Three-dimensional polymer parts can be produced via photopolymerization processes. In one such photopolymerization process, a digital, three-dimensional model of the part to be created is produced. This model is digitally broken into cross sections. A fluid medium capable of altering its physical state when exposed to specified intensities and wavelengths of light is placed upon a planar transparent image plate. An exemplary fluid medium such as a photopolymer resin is exposed to patterns of light representing successive adjacent cross sections of the part being produced. This results in the creation of a hardened polymer layer in the desired shape, attached to the image plate. This layer is then separated from the image plate. Subsequent adjacent cross sections are produced in the same manner and automatically integrated together to provide a step-wise, cross-sectional assembly of the part. The part is drawn away from the substantially planar, parallel surfaces of the fluid medium and image plate. This and similar processes are also known as “3D printing” and hereinafter shall be referred to as such.
Layer-wise assembler devices such as 3D printers are used to rapidly and autonomously produce parts based on computer input. Some 3D printers are used to produce runs of identical parts in the tens, hundreds, or thousands. Other 3D printer applications allow designers to rapidly prototype. That is, the 3D printer enables a designer to create a physical prototype of a desired part that was first digitally created in a computer aided design program. This can then be used to examine the efficacy of the design in the real world. In the preceding examples, uniform, rapid production on the order of minutes is sought. 3D printing machines are designed with this design parameter in mind. Operators of 3D printing machines must constrain the design of parts being produced by the 3D printer in order to allow the machine to quickly produce quality parts. If a design is provided which is outside of the 3D printer's operating parameters, inconsistent parts may be produced.
When a cross-sectional layer is formed on the image plate, the newly-formed layer often adheres strongly to the image plate. Two types of forces prevent separation at the interface between the image plate and the newly-formed layer: (1) the adhesion force between the image plate and the newly-formed layer; and (2) a vacuum force present between planar objects in a fluid. The adhesion force is comprised of chemical bonding forces between the image plate and the newly-forced layer. In some aspects, the adhesion force also comprises mechanical adhesion forces between the image plate and the newly-formed layer. In order to separate the part from the image plate and continue assembling it, a separation force must be applied in order to overcome the adhesion and vacuum forces present.
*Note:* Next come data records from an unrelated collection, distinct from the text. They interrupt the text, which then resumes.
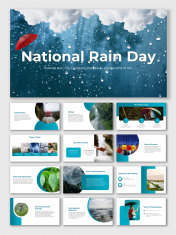 Creative National Rain Day Presentation And Google Slides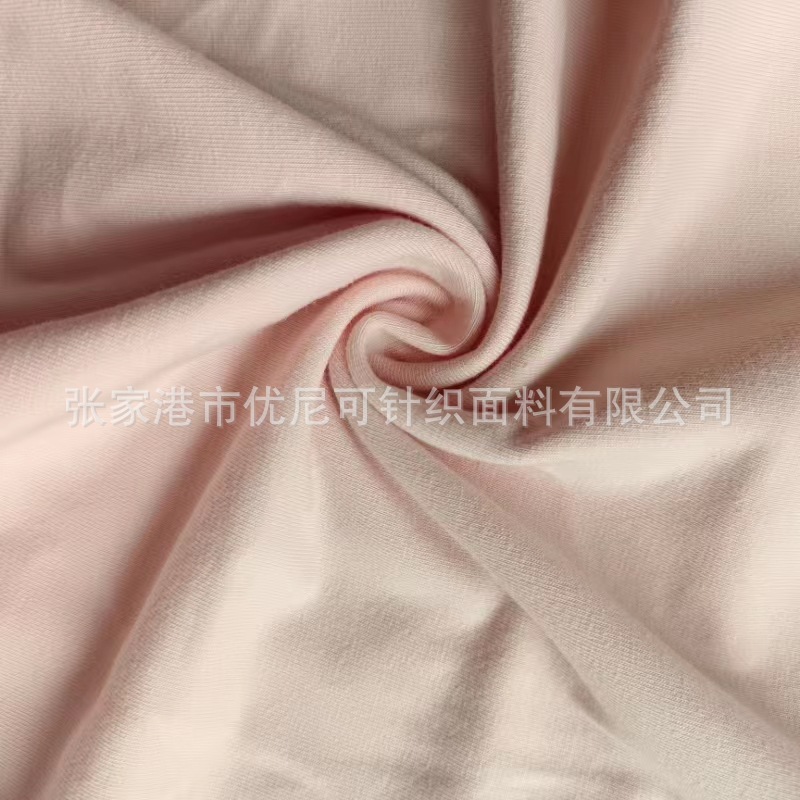 纬编棉氨汗布 190克精梳棉氨纶布 T恤面料纯棉氨纶单面针织布
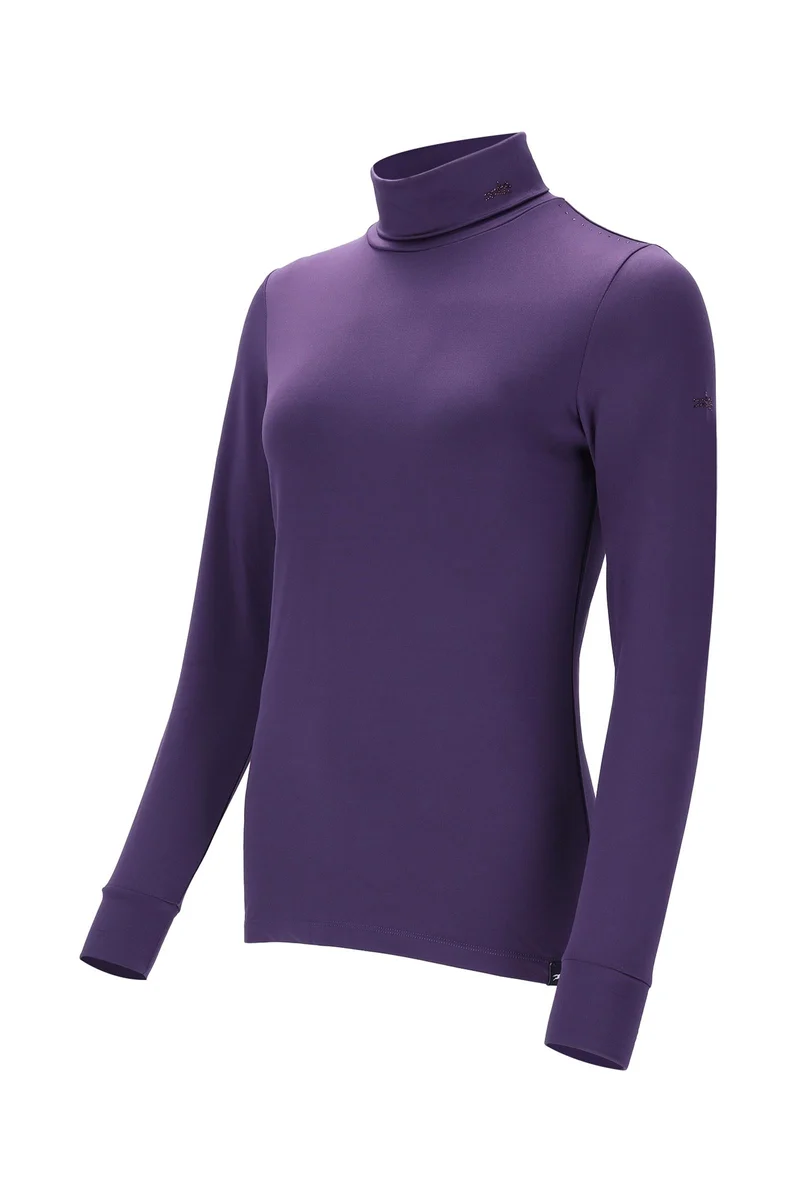 Schockemöhle SP Alba Style Damen Trainingsshirt Dark Purple M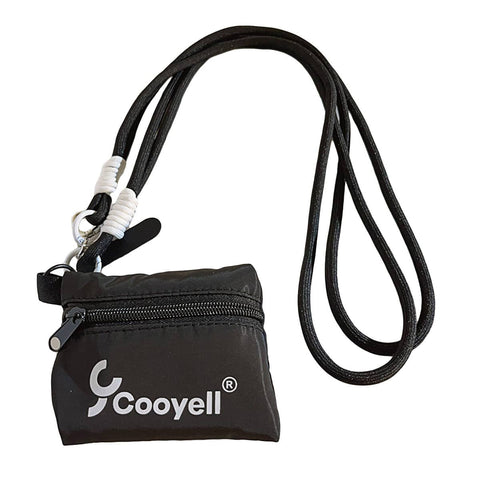 Woven Mobile Phone Crossbody Lanyard Strap for Secure Carrying - Black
Application of the separation force stretches and strains the part being formed in non-uniform, undesirable ways. In some 3D printers, the separation force is strong enough to distort or destroy fragile portions of a part because the fragile portion is stretched, strained, and even completely separated from the part as the construction plate and part are repositioned relative to one another in order to form the next layer of the part. Because this separation force destroys or damages fine detailing in a desired part design, the resolution of 3D printers has been limited. Parts containing, for example, very thin segments or intricate detailing (e.g., channels, tubing, and the like) cannot be produced, are produced with an extremely high failure rate, or must be produced at a very slow rate using different photopolymers in order to produce a part containing fragile sections that will not deform when exposed to the separation forces produced by the 3D printer.
Previous 3D printers have simply pulled the part away from the image plate. Application of significant separation force, however, causes the formed layer to be deformed or to break when the part is repositioned. Other approaches seek to minimize adhesion forces by applying an inert layer between the image plate and the newly-formed layer, such as the Teflon® material available from E.I. du Pont de Nemours and Company of Wilmington, Del. These approaches lessen the separation force by reducing adhesion forces, but do not mitigate the vacuum force.